Excerpted data
—————

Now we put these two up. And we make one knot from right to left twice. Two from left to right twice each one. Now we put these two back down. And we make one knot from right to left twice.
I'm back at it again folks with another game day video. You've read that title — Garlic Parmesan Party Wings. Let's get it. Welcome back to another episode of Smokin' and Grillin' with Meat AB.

—————

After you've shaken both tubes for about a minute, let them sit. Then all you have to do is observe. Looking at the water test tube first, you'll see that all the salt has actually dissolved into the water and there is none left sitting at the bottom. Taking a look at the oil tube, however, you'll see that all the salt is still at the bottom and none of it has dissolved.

—————

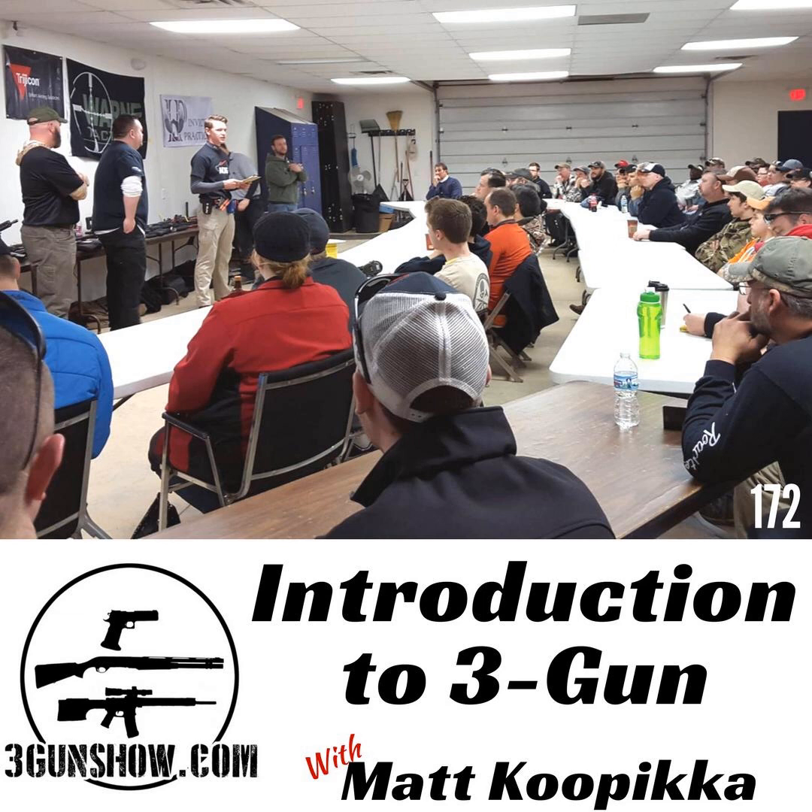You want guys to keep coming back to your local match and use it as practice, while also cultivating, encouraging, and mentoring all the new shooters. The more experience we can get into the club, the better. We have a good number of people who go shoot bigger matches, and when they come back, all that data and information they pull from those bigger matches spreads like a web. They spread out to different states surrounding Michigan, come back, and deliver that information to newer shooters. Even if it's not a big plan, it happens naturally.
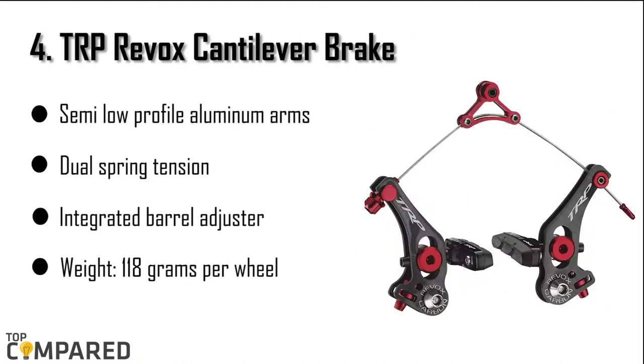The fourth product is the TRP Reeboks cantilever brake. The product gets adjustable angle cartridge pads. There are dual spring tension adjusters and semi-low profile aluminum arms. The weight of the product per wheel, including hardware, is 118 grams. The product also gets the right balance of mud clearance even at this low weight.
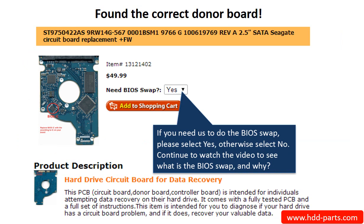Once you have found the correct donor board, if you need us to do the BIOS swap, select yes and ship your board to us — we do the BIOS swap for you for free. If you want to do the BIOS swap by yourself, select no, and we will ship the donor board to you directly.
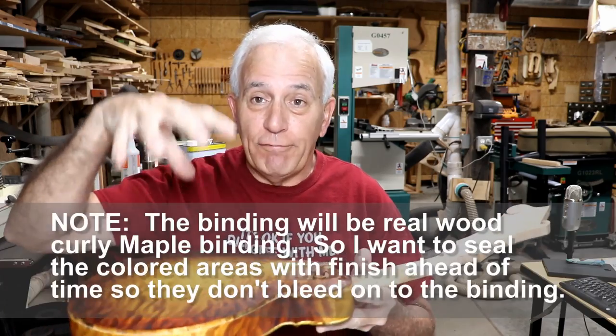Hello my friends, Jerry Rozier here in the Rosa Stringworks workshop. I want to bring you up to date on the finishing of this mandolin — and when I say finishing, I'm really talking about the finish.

—————

Your instructions
Going through the listing above, please work out how many lines contain the word "left", and give the number alone.

Answer below
2